1The Spectrum of a Spectrum
The term 'Cepstrum' is an anagram of 'Spectrum.' To calculate MFCCs, we take the Log-Mel Spectrogram and apply the Discrete Cosine Transform (DCT). This process 'decorrelates' the data. In a normal spectrogram, adjacent frequency bins are highly related; MFCCs separate this information into independent coefficients. This makes them perfect for older Machine Learning models like GMMs or HMMs, and still highly relevant for lightweight Deep Learning on the edge.
import librosa
# Calculate MFCCs directly from audio
# n_mfcc specifies how many coefficients to keep
mfccs = librosa.feature.mfcc(y=y, sr=sr, n_mfcc=13)2Modeling the Human Voice
Sound is created by air passing through the vocal folds (The Source) and then being shaped by the mouth, tongue, and throat (The Filter). The filter creates resonances called Formants. MFCCs are designed to capture these formants while ignoring the exact pitch of the vocal folds. This is why a speech model can recognize the word 'Hello' whether it's spoken by a deep-voiced man or a high-pitched child—it's looking at the Filter Shape, which MFCCs represent perfectly.
import librosa.display
import matplotlib.pyplot as plt
plt.figure(figsize=(10, 4))
librosa.display.specshow(mfccs, x_axis='time')
plt.colorbar()
plt.title('MFCC representation of speech')

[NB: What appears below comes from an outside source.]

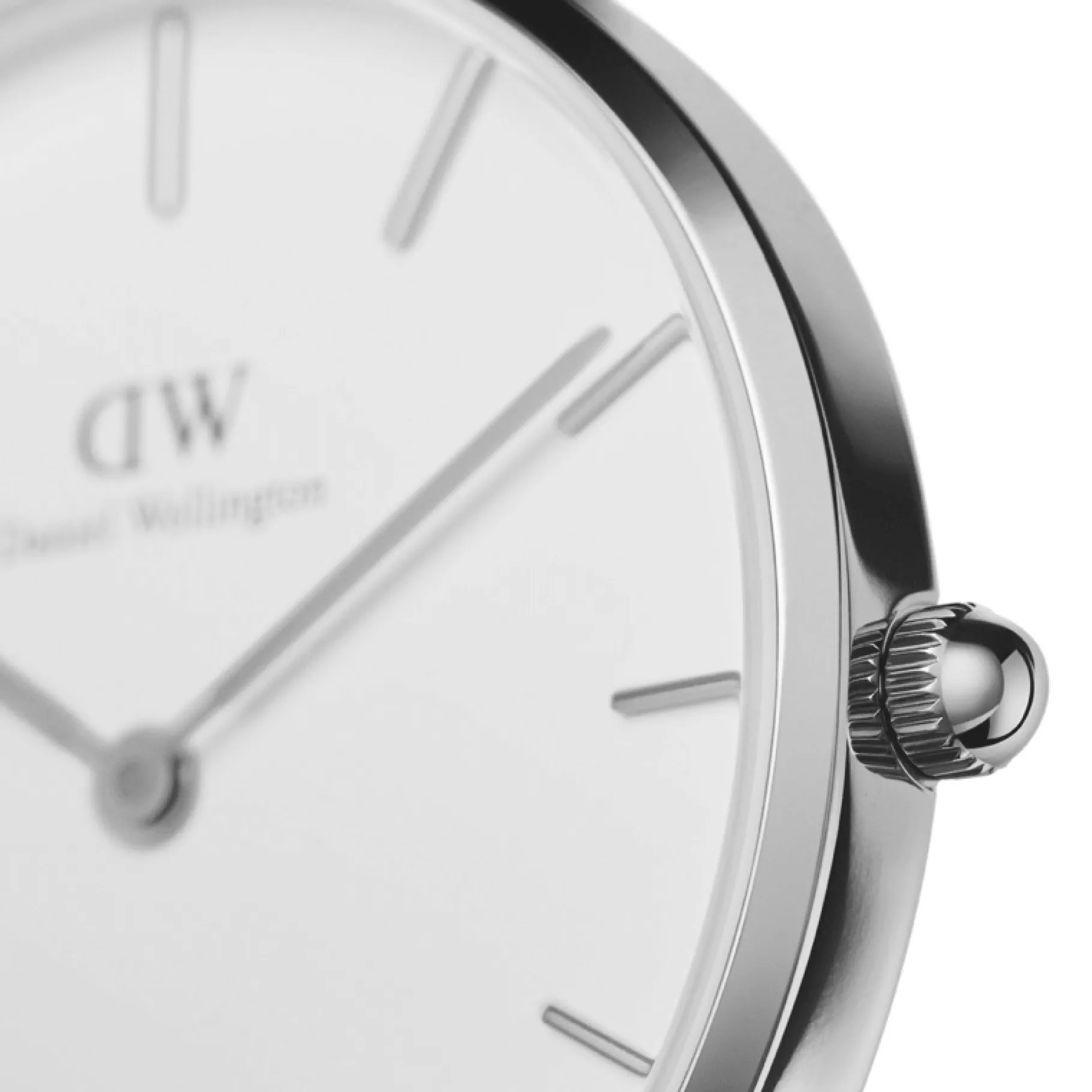Daniel Wellington Petite Bondi>Donna Orologio Donna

plt.tight_layout()3Capturing Motion
Speech is not static; it's a sequence of movements. A single frame of MFCCs only shows a 'snapshot' of the vocal tract. To see how the sound is changing, we calculate Deltas (the first derivative) and Delta-Deltas (the second derivative). This tells the model how fast the tongue is moving or how quickly a vowel is transitioning into a consonant. A standard feature vector for speech often consists of 13 MFCCs, 13 Deltas, and 13 Delta-Deltas, for a total of 39 features per frame.
# Calculate Deltas and Delta-Deltas
import numpy as np
delta_mfcc = librosa.feature.delta(mfccs)
delta2_mfcc = librosa.feature.delta(mfccs, order=2)
# Stack them to create a 39-dimensional feature
feature_vector = np.vstack([mfccs, delta_mfcc, delta2_mfcc])